*PROBLEM DETAILS:*
Return every record below exactly as written, but leave out the pictures.

*SUPPLIED DATA:*
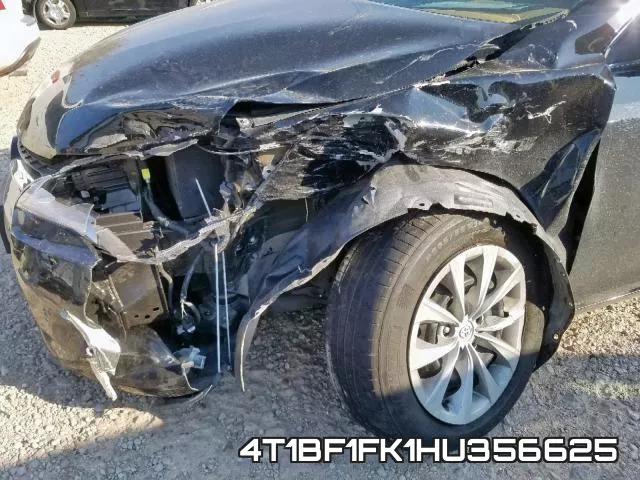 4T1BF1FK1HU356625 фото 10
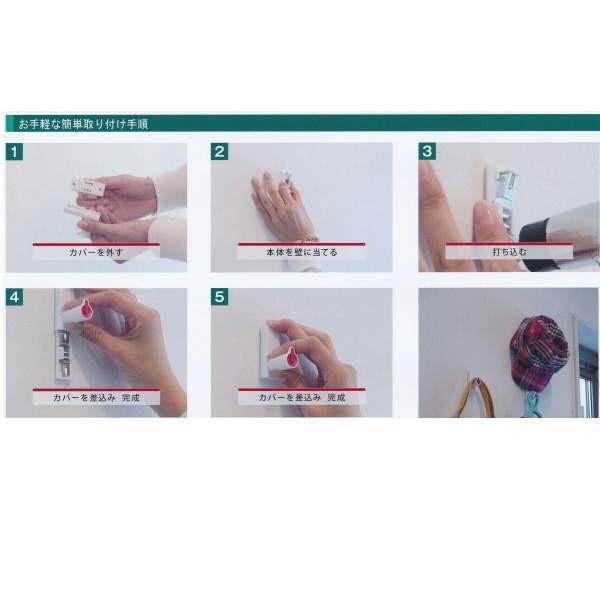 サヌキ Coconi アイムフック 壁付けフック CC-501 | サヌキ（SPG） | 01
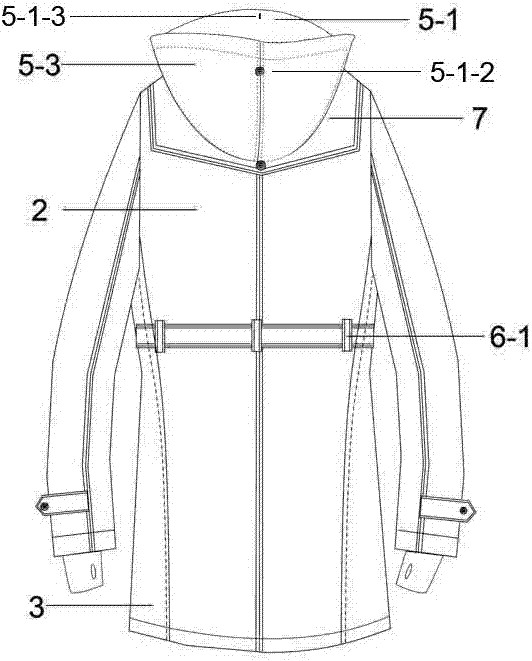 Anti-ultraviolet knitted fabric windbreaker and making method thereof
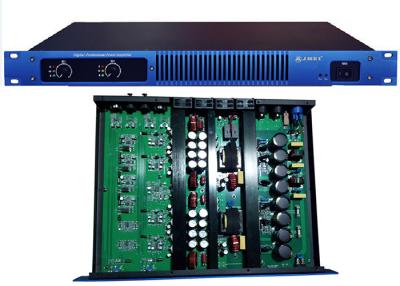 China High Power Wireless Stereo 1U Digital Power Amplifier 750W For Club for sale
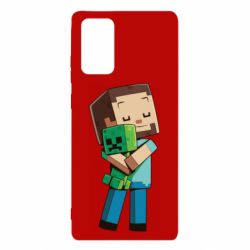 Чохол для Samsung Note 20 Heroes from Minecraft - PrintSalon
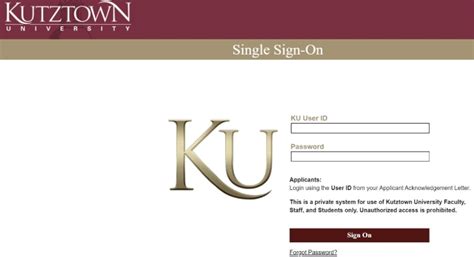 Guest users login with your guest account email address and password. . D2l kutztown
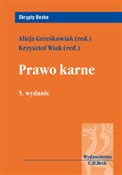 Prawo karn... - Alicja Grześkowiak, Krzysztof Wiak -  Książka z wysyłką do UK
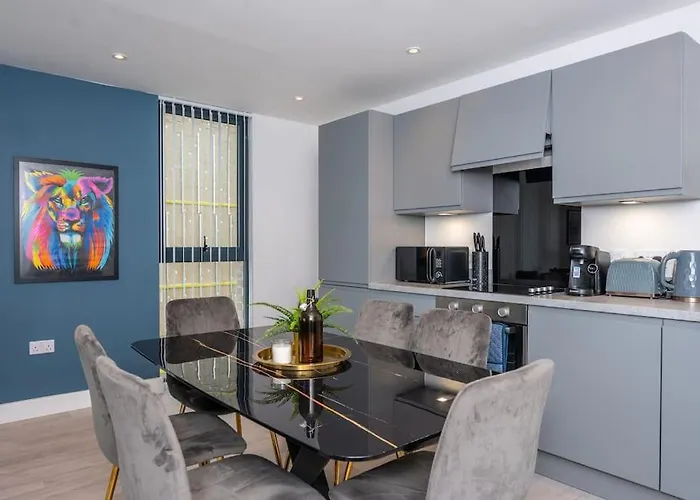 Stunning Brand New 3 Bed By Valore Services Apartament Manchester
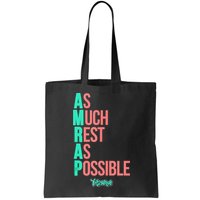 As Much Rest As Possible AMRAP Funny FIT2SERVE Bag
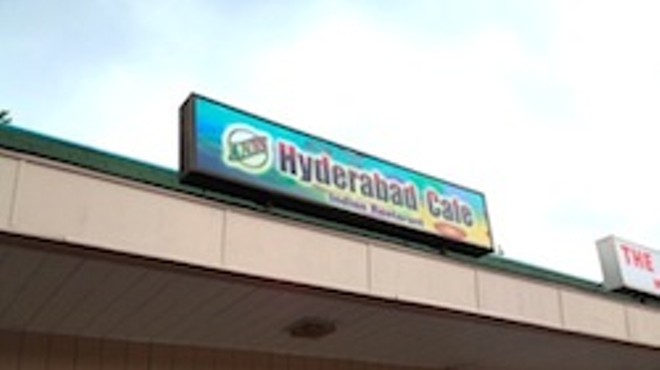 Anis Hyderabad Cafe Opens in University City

*SOLUTION:*
 4T1BF1FK1HU356625 фото 10
 サヌキ Coconi アイムフック 壁付けフック CC-501 | サヌキ（SPG） | 01
 Anti-ultraviolet knitted fabric windbreaker and making method thereof
 China High Power Wireless Stereo 1U Digital Power Amplifier 750W For Club for sale
 Чохол для Samsung Note 20 Heroes from Minecraft - PrintSalon
 Guest users login with your guest account email address and password. . D2l kutztown
 Prawo karn... - Alicja Grześkowiak, Krzysztof Wiak -  Książka z wysyłką do UK
 Stunning Brand New 3 Bed By Valore Services Apartament Manchester
 As Much Rest As Possible AMRAP Funny FIT2SERVE Bag
 Anis Hyderabad Cafe Opens in University City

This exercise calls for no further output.